By BRIAN SMITH
If there’s one thing you can say about Micah Brownlee, it is that he is driven.
Over the last three years he has thrown himself feet first into being a Boy Scout, having gathered all but two of the badges needed to qualify for his Eagle Scout badge. During a camping trip to Camp Holland at Holland Lake Park with his former troop, the now disbanded Troop 1136, the 14-year-old homeschooled ninth grader saw a leaning flagpole at the facility and vowed to do something about it.
He contacted his former Scoutmaster Andy Hough and said he wanted to do something big. Brownlee has seen a number of Eagle Scout projects and admitted they looked “small” in his mind. During the trip, the Scouts began cleaning out the cabins at the facility and found a number of items they were able to use as gear, Brownlee said. Brownlee began his project about a year ago, working with city officials to get the project started.

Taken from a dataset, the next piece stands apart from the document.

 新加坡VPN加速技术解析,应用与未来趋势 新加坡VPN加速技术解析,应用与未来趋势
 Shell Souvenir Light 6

Wanting to exceed expectations, he asked his dad Baron, an engineer, to draw up some plans on a three-flagpole area near the front of the facility.
Over the last several weeks, city parks and recreation staff drilled holes for the poles themselves. After that was done, Brownlee and former troop members, along with Brownlee’s dad and brother, have been having pouring concrete, laying flagstone and getting the project underway. The flagpoles were set Saturday morning.
The cost for the project was estimated at around $6,000. Brownlee organized a fundraiser dinner to raise the funds for the project and admits, despite all the hard work, it has been an experience.
Weatherford Grounds Maintenance Supervisor Gary Miller, who was on site Saturday, praised Brownlee on the project, saying it was definitely one of the more technical Scout projects he has seen.